— Your assignment —
Reproduce the line with "Fishing boat by" and everything after it in the listing below, exactly, both ends included. No pictures.
= Beginning of Section =
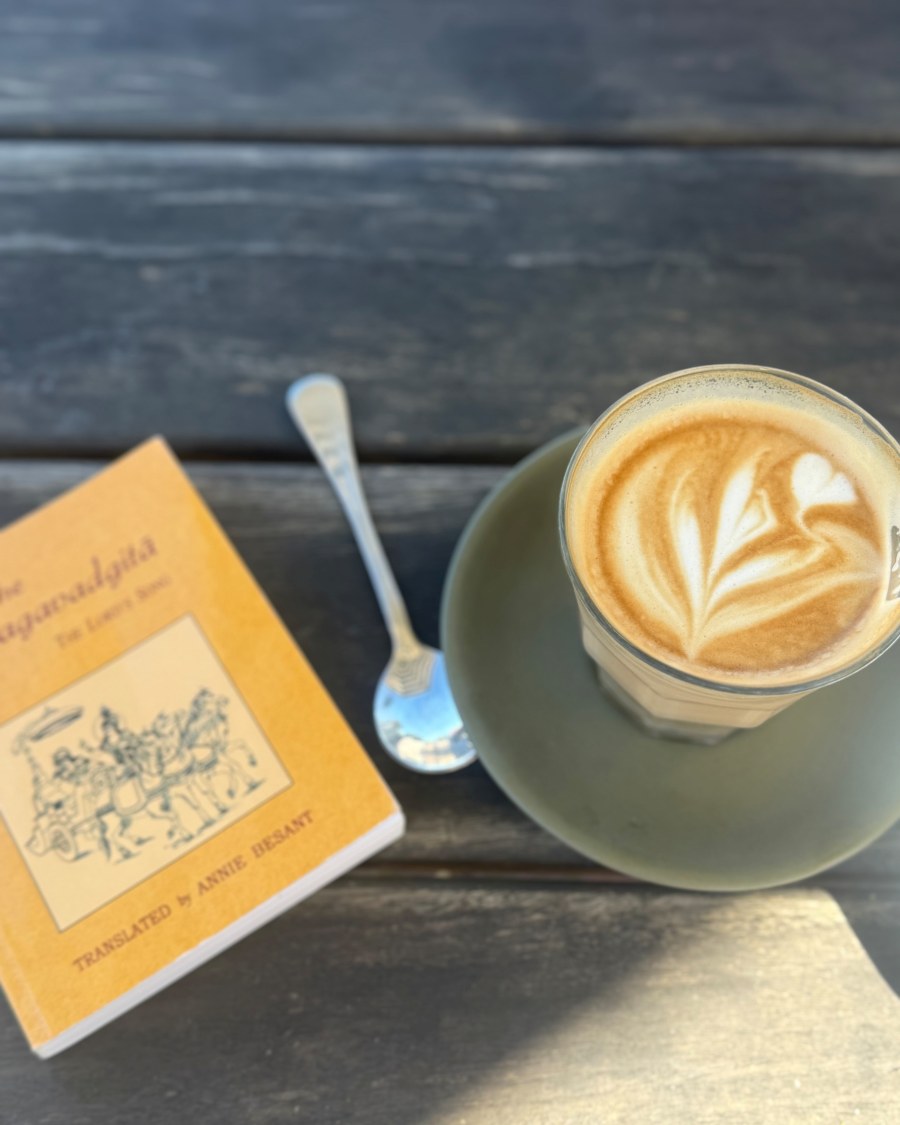 A coffee and a book on a table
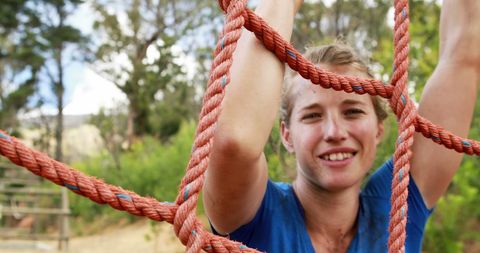 Woman Climbing Rope Net in Outdoor Adventure Course - Download Free Stock Images Pikwizard.com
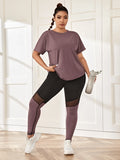Set sportivo donna taglie forti con maglietta in rete e leggings sportivi con tasca per il telefono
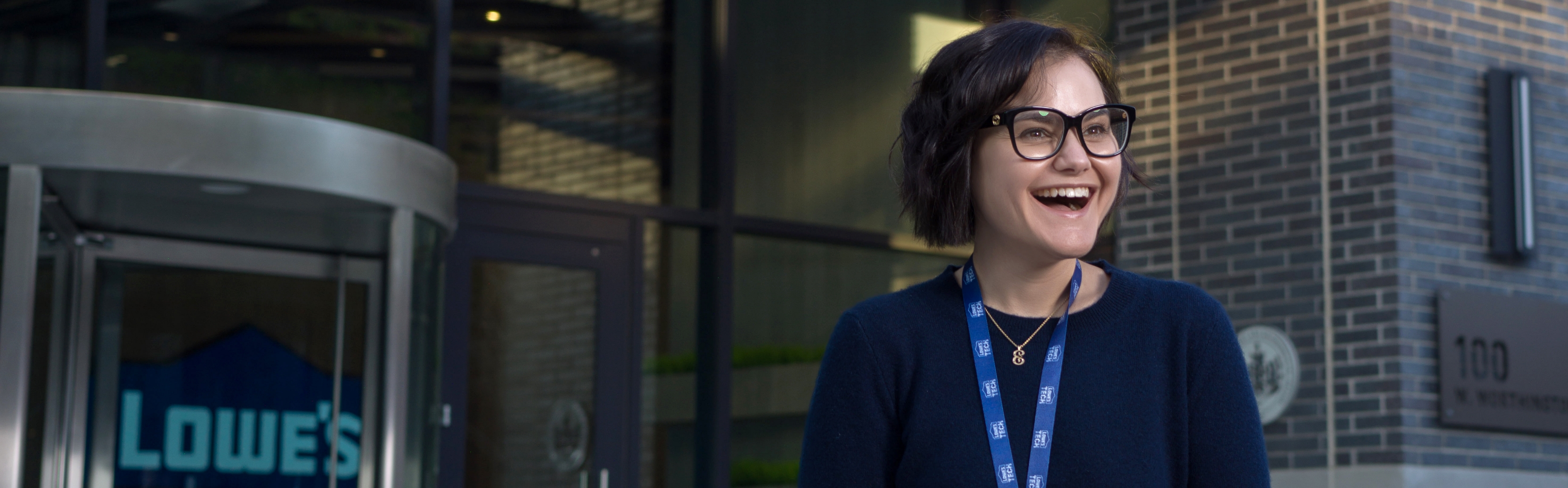 Female associate standing outside of the Tech Hub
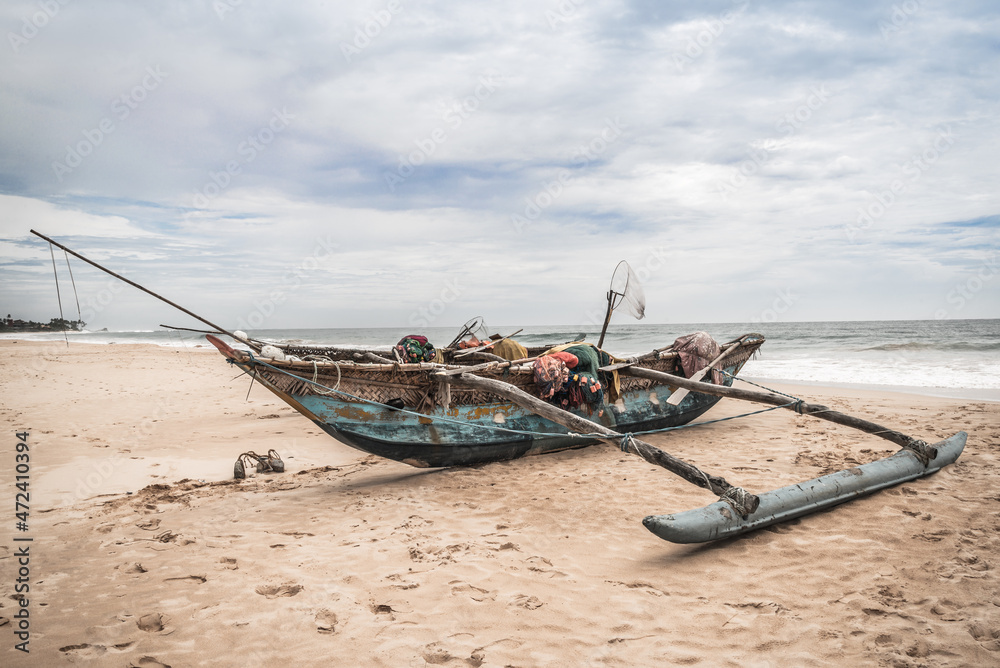 Fishing boat by the shore at Bentota Beach, Sri Lanka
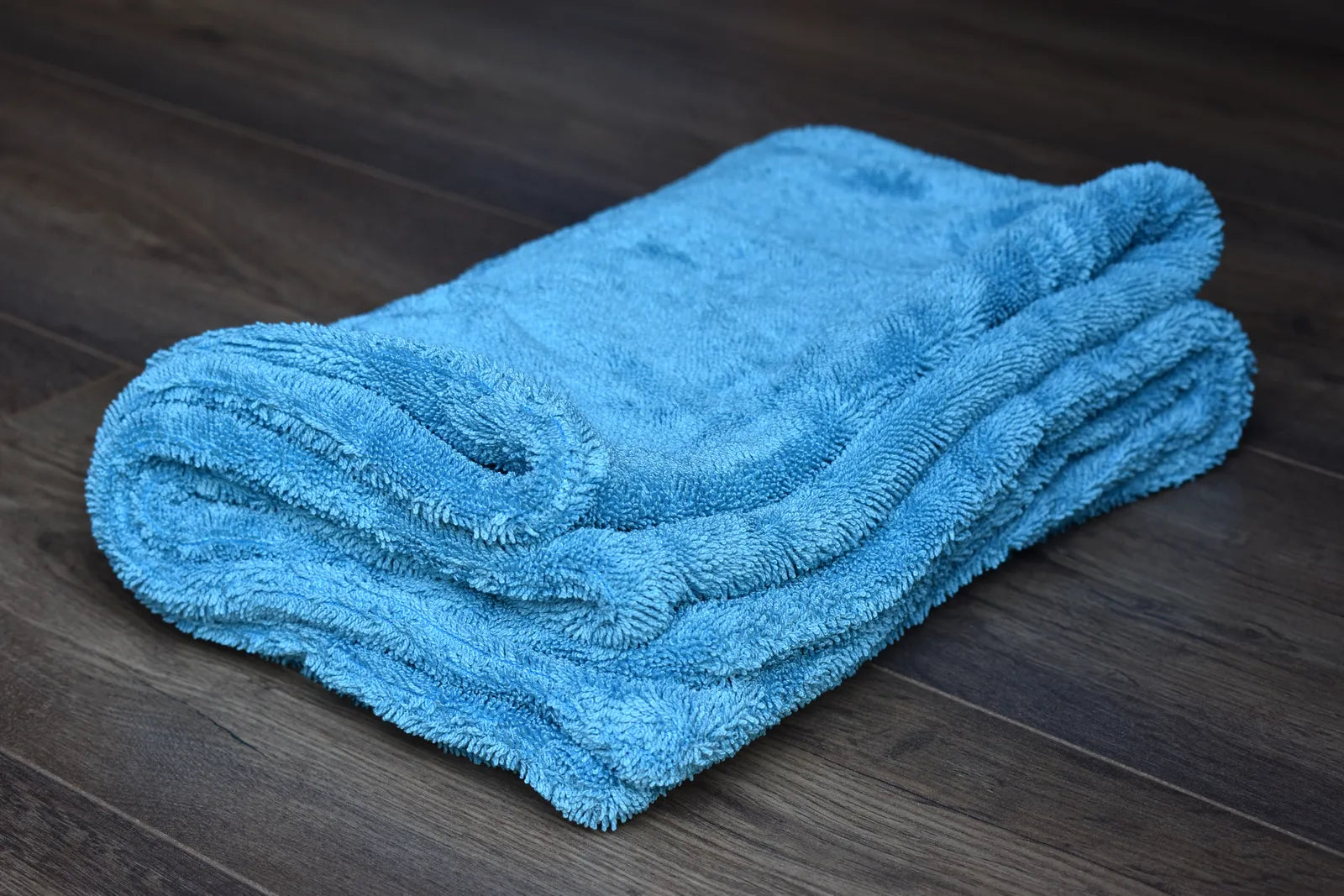 1100 GSM dual-layer microfiber drying towel angled view - aqua blue side showing twist-loop pile depth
= End of Section =
— Answer to this exercise —
 Fishing boat by the shore at Bentota Beach, Sri Lanka
 1100 GSM dual-layer microfiber drying towel angled view - aqua blue side showing twist-loop pile depth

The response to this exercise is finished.